= B&K Rootbeer =

American fast-food restaurant chain

B-K Root Beer is an independent chain of drive-in fast-food restaurants, distinguished by their draft root beer and root beer floats. A midwestern chain, B-K restaurants are located in Indiana, Michigan, and Ohio. B-K stands for "Bergerson & Kenefick". The first one was built in Wabash, Indiana, in 1940.

At one time, there were 238 B-K drive-ins around Indiana and surrounding states. It was founded by Melvin and Mary Bergerson in the mid-1940s in Michigan City, Indiana.

==History==
The first B-K chain was founded in the mid-1940s in Wabash, Indiana. All the current B-K Rootbeer restaurants are independently owned and operated.

The B-K Root Beer chain of drive-in restaurants became owned by DeNovo Corporation in Livonia, Michigan, of which David Chapoton was President. In the late 1980s, Dave sold the B-K trademarks to Burger King Corporation, which they then launched their new Grilled Chicken sandwich, the BK Broiler.

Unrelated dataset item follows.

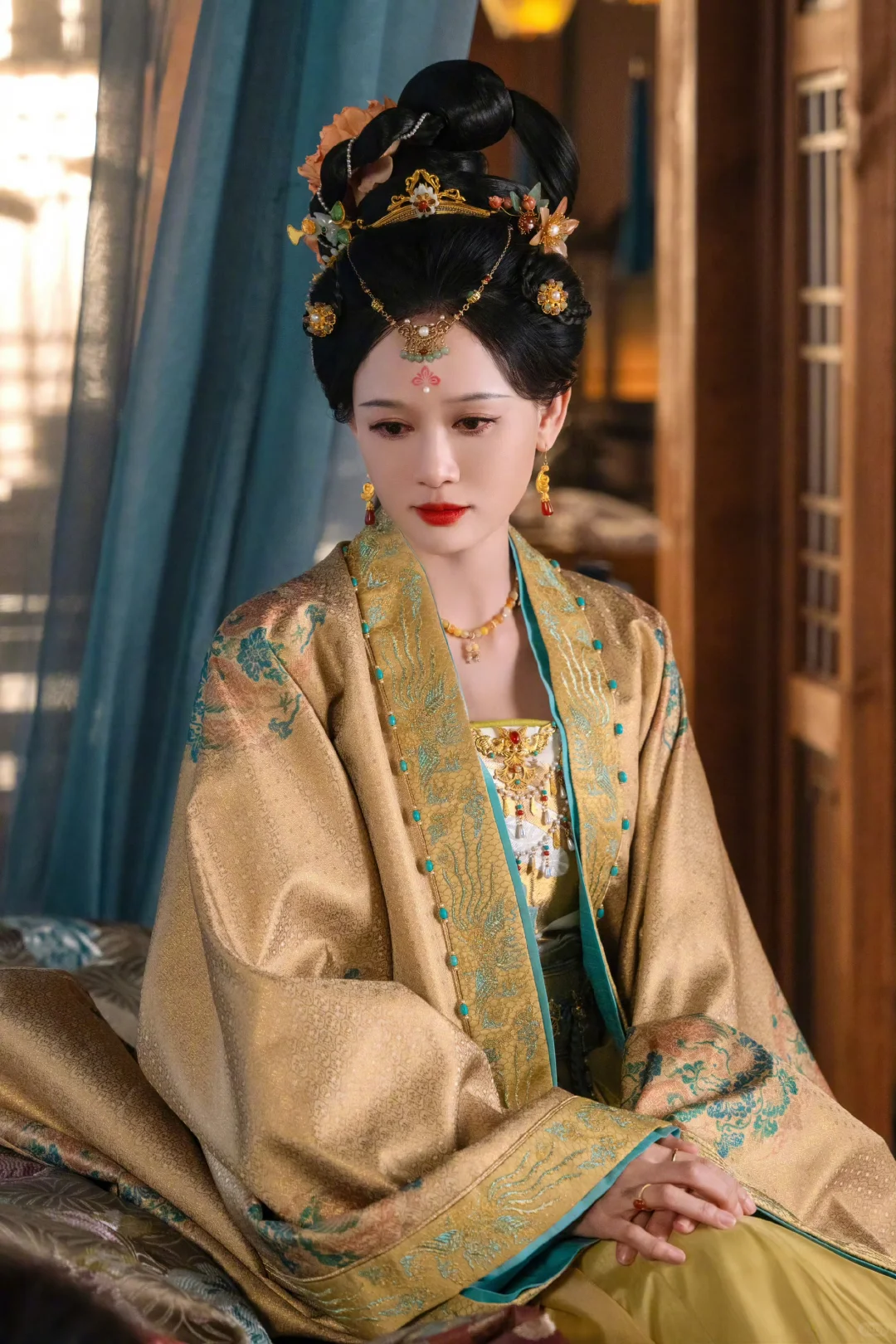 陈乔恩古装造型封神！这组图我刷了10遍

In 2016, the B-K trademarks were abandoned by Burger King, and David Hosticka of Michigan retained the trademark & patent attorney Jake W. Lombardo of Bolhouse, Baar & Hofstee, P.C. and attempted to re-register the B-K Root Beer trademarks for the purpose of supporting the 35 or so remaining drive-in locations, and possibly reviving the B-K Root Beer brand. The application was rejected by the US Patent and Trademark office, citing that the letters B-K are still currently registered by Burger King Corporation.